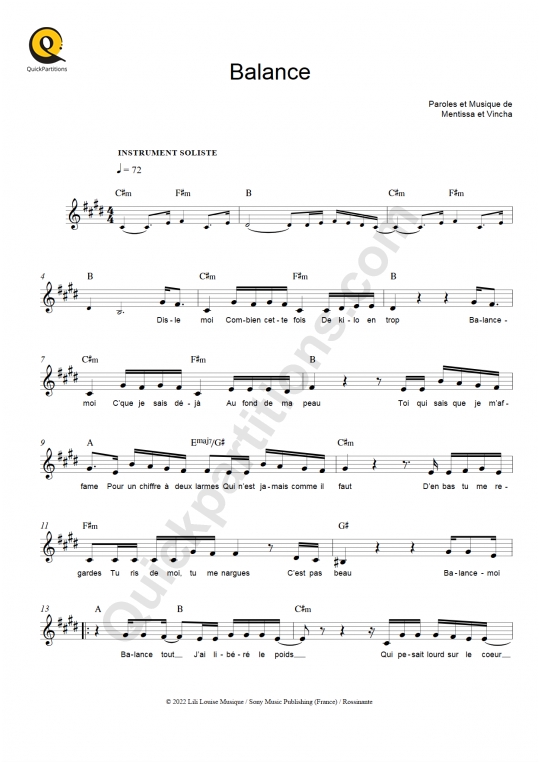 Balance Leadsheet Sheet Music - Mentissa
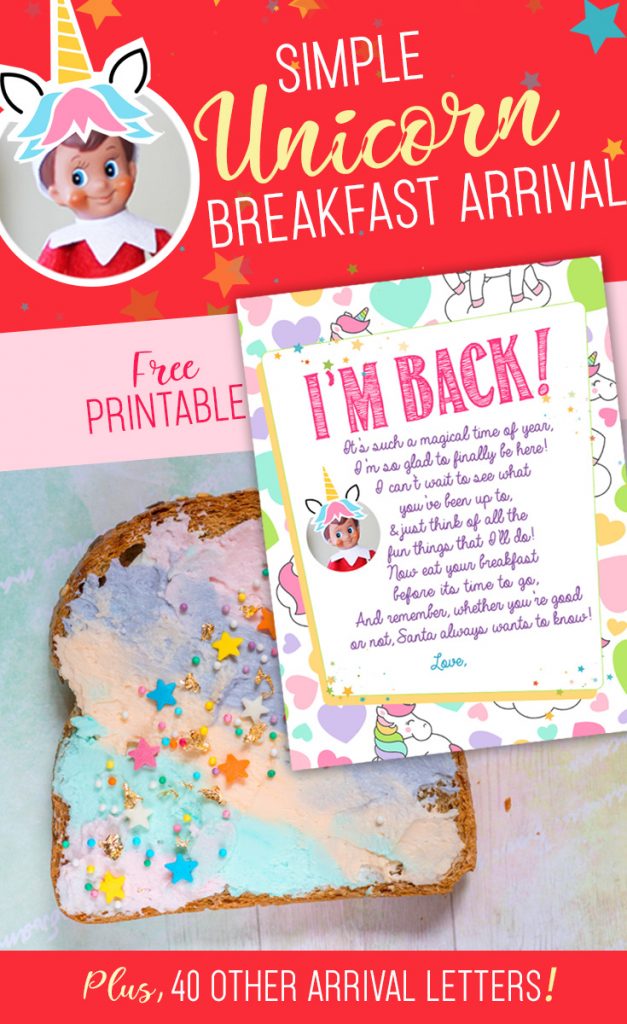 Elf on the Shelf Arrival Idea: Unicorn Breakfast with FREE Printable Letter! This is an EASY and fun way to welcome your Elf back this Christmas! #elfontheshelf #arrival #ideas #unicorn #christmas #letter #free #printable #elf #easy #quick #funny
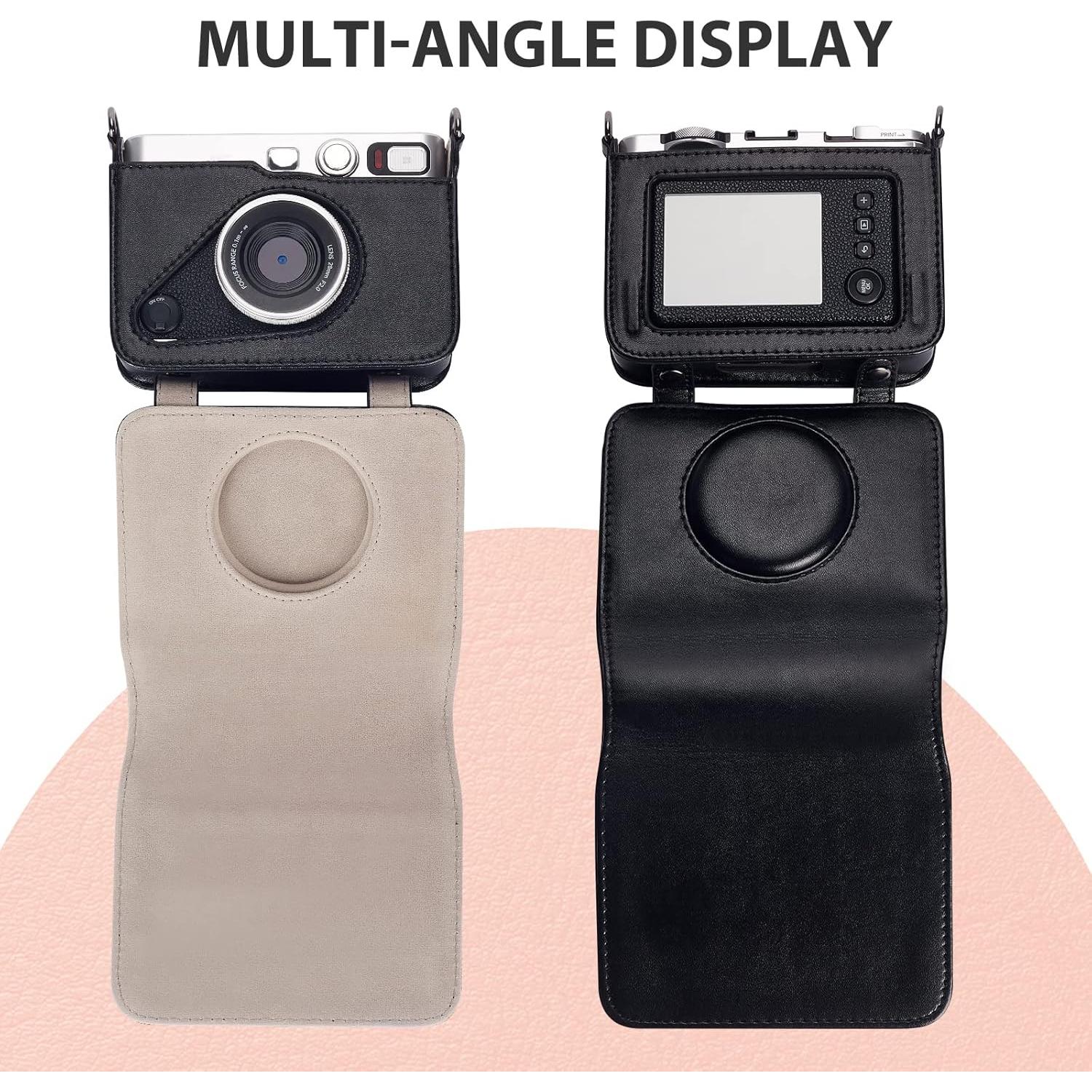 Funda Protectora Phetium para Cámara Fujifilm Instax Mini EVO - Cuero PU Negro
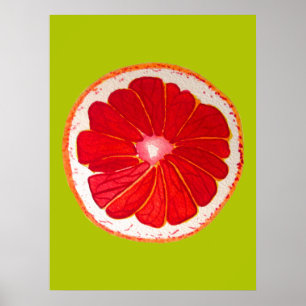 Poster Pop art pamplemousse rose aquarelle originale
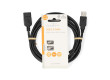 USB kabel | USB 2.0 | USB-A Zástrčka | USB-A Zásuvka | 480 Mbps | Poniklované | 3.00 m | Kulatý | PVC | Černá | Label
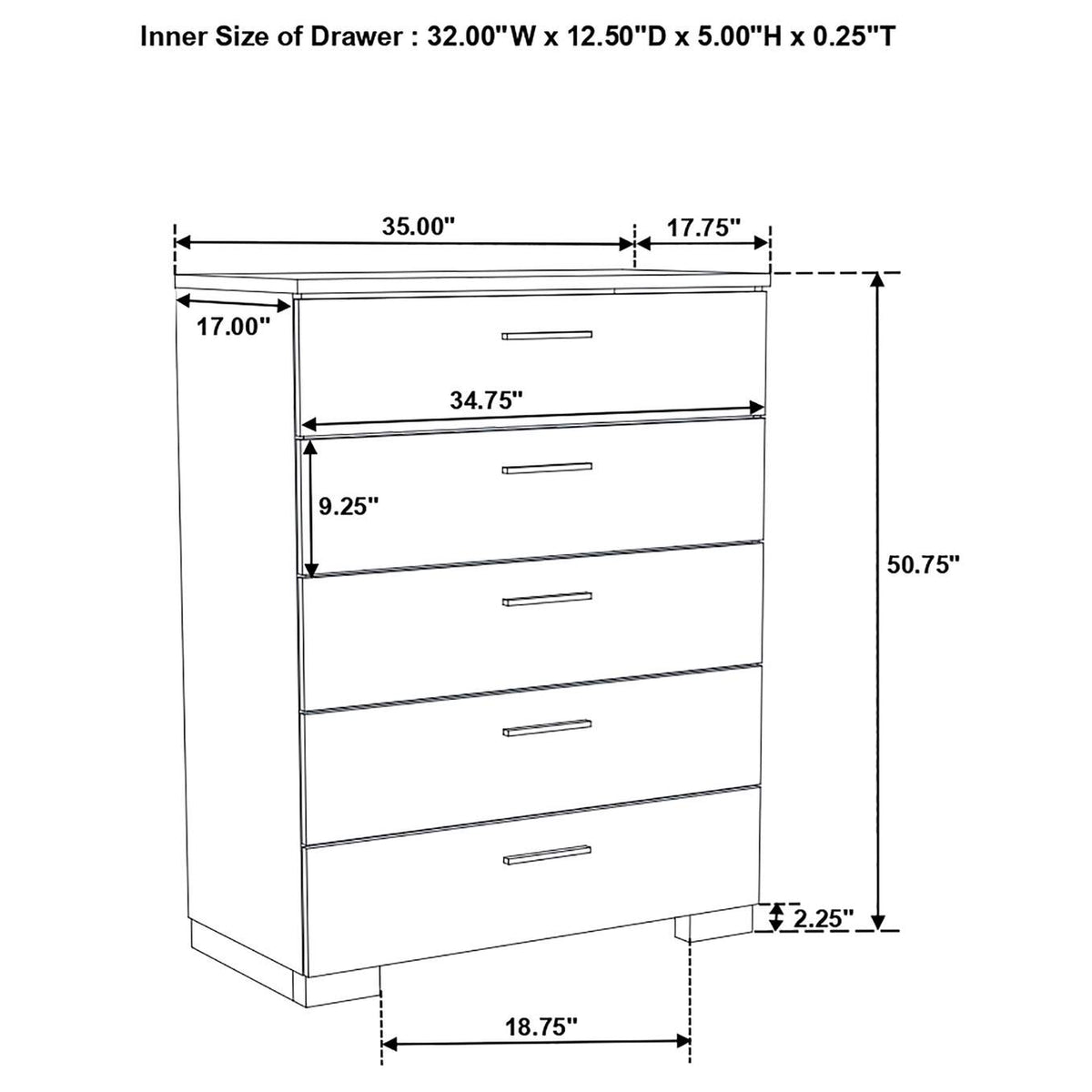 203510Q-S5 Felicity 5-piece Queen Platform Bedroom Set White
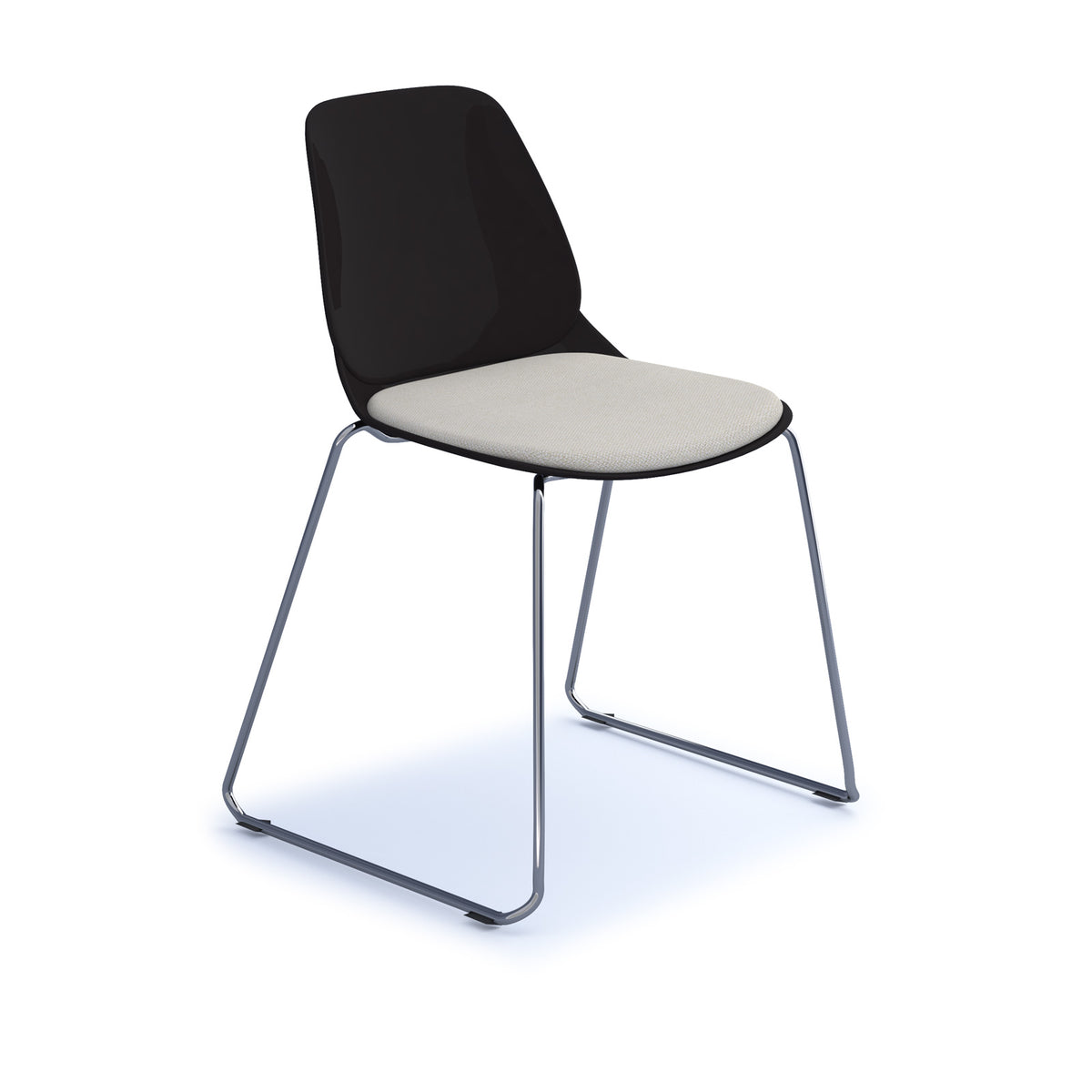 Strut chair with upholstered seat pad and chrome sled frame - black - view 1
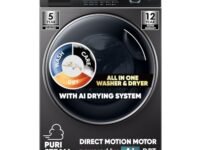 Haier 10.5 Kg 5 Star AI Drying System with Wifi Fully Automatic Front Load Washer Dryer (HWD105-B14959S8U1, Direct Motion Motor, I-Refresh, PuriSteam, Dark Jade Silver)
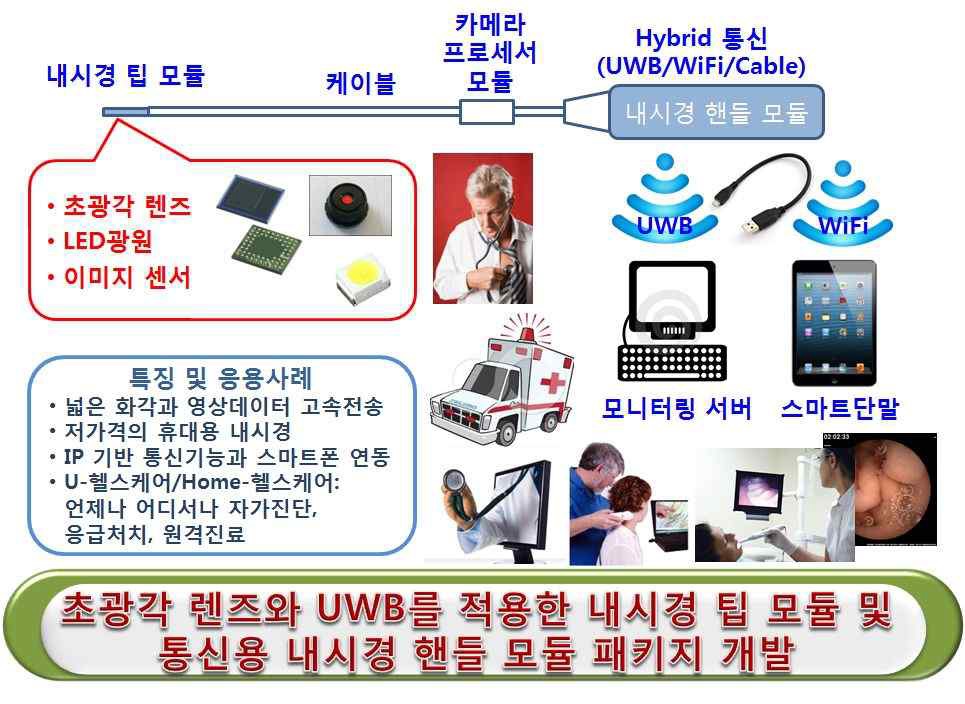 초광각 렌즈와 UWB를 적용한 내시경 팁 모듈 및 통신용 내시경 핸들 모듈 패키지 개발의 개요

---*---

*ASSIGNMENT*
Excluding every picture, write out each record word for word.

*EXERCISE ANSWER*
 Balance Leadsheet Sheet Music - Mentissa
 Elf on the Shelf Arrival Idea: Unicorn Breakfast with FREE Printable Letter! This is an EASY and fun way to welcome your Elf back this Christmas! #elfontheshelf #arrival #ideas #unicorn #christmas #letter #free #printable #elf #easy #quick #funny
 Funda Protectora Phetium para Cámara Fujifilm Instax Mini EVO - Cuero PU Negro
 Poster Pop art pamplemousse rose aquarelle originale
 USB kabel | USB 2.0 | USB-A Zástrčka | USB-A Zásuvka | 480 Mbps | Poniklované | 3.00 m | Kulatý | PVC | Černá | Label
 203510Q-S5 Felicity 5-piece Queen Platform Bedroom Set White
 Strut chair with upholstered seat pad and chrome sled frame - black - view 1
 Haier 10.5 Kg 5 Star AI Drying System with Wifi Fully Automatic Front Load Washer Dryer (HWD105-B14959S8U1, Direct Motion Motor, I-Refresh, PuriSteam, Dark Jade Silver)
 초광각 렌즈와 UWB를 적용한 내시경 팁 모듈 및 통신용 내시경 핸들 모듈 패키지 개발의 개요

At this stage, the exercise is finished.